Migration Watch Paper On The Fiscal Effects Of Immigration To The Uk And The Response From Cream

1. CReAM has responded to our paper by misrepresenting the points we made without answering them[1]. Perhaps this was a ploy to distract attention from the weaknesses we have identified but it is not what we should expect from an academic institution.

2. The Migration Watch analysis is anything but the “violent attack” claimed. On the contrary, It is a careful assessment, prompted initially by the absence of any mention in the abstract of their paper of their finding of a fiscal cost of migration of  £95 billion between 1995 and 2011, and the incongruence between this finding and their conclusion “Overall, our findings draw a positive picture of immigrant contribution”. This  important finding was obscured in CReAM’s report of their research both in their paper and in their media presentation of it.

3. To anyone who has read the MW paper, it will be clear that:

On their first claim that MW asserted that the CReAM report assumed that[Migrant] employees earn the same as the UK-born population:

•          This point was made in respect of CReAM’s allocation of means tested benefits. In CReAM’s estimation of expenditures, by allocating means-tested welfare spending on the basis of recipient share among the migrant and UK-born population while taking no account of the evidence they had of differences in income, CReAM, in effect, assumed that they all earned the same. It is entirely legitimate to draw attention to this assumption and to the fundamental distortion that is likely to result.

•          In assessing CReAM’s estimation of revenues, MW do not say that CReAM treated everyone as earning the same amount. In the preparation of the paper, MW sought to engage with CReAM, and received the response that all of their methodology was in their paper. In fact, CReAM’s paper was silent on how they had treated the self-employed, on whose income it is now clear that they had no data, and had not sought to gather any. MW noted that, in a previous paper on the fiscal effect of immigration, the CReAM authors had described a methodology which by treating self-employed people as if they paid the same amount of income tax, effectively treated all self-employed as earning the same amount. But MW were cautious in their approach and (at para 42) clearly noted in the conditional “If this is what they have done in their present paper ….” .  But MW did not assume this is indeed what was done, and in para 44 they outlined an alternative scenario which CReAM do now, in fact, appear to accept is the methodology they used.  Thus there has been no misapprehension at all – even though CReAM declined MW’s attempts at discussion. And as the MW analysis points out, both methods are likely to result in similar distortion.

 

4. On the second claim that MW had asserted that CReAM had assumed that Self-employed migrants contribute far more than those employed

  • CReAM treat MW’s comment in the summary as if it refers only to income tax. But it is clear to anyone reading the body of the paper that this derives from CReAM attributing a contribution of over £6,000 in Business rates a year (by 2011) to each self-employed migrant.
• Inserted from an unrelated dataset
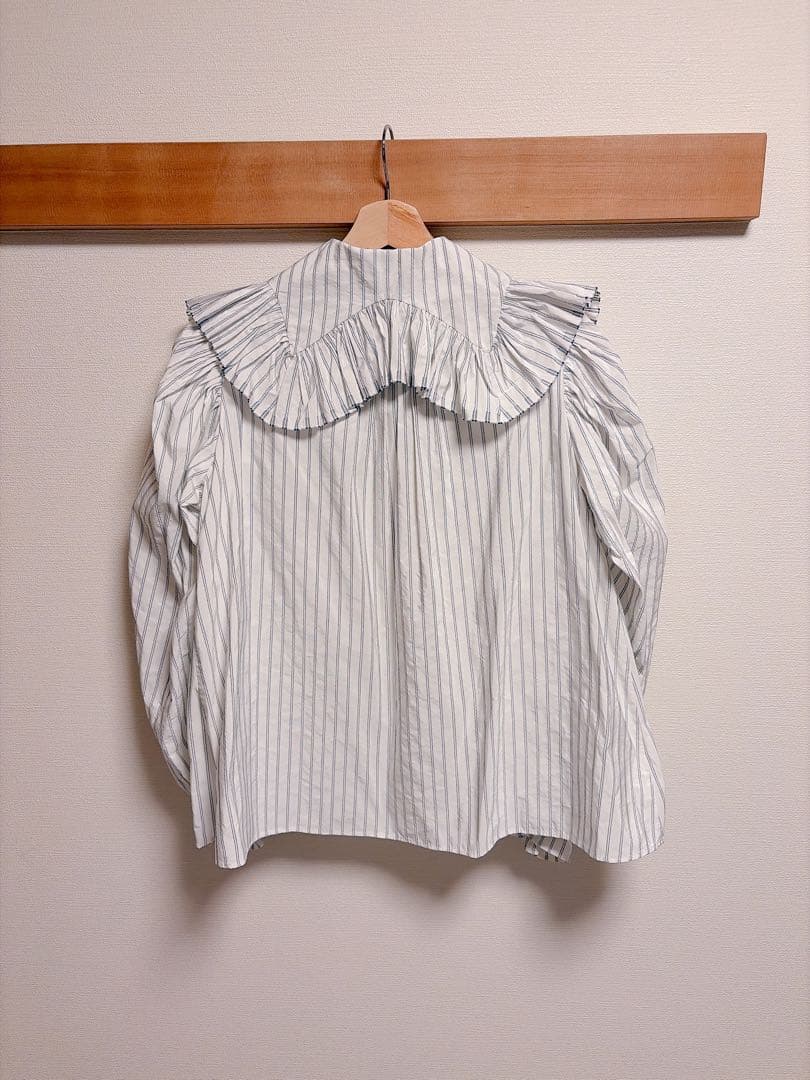 【新品】フィロソフィー　フリル衿 ボリューム　ブラウス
There seems no doubt at all that on this basis alone, CReAM have assumed that self-employed migrants contribute far more than those employed.

 

  • On the income tax point, CReAM’s response confirms that MW had indeed correctly identified the methodology used. But CReAM then assert that ‘since self-employment is more common among recent EEA immigrants than among natives, this choice may lead to an underestimate of total EEA immigrant tax payments, exactly the opposite to what they [MW] claim’. This is simply wrong. The only circumstance in which that could be the result is if the difference between the income of self-employed recent EEA migrants and self-employed UK-born was less than the difference between the income of recent EEA migrants and UK-born who are employees. On the basis of the available evidence – particularly in the form of HMRC’s analysis of self-assessed income tax and income across sectors that is about the least likely scenario possible.

 

5. On the third point: Migrants own the same investments, property and other assets as the UK-born and long-term residents from the day they arrive in the UK.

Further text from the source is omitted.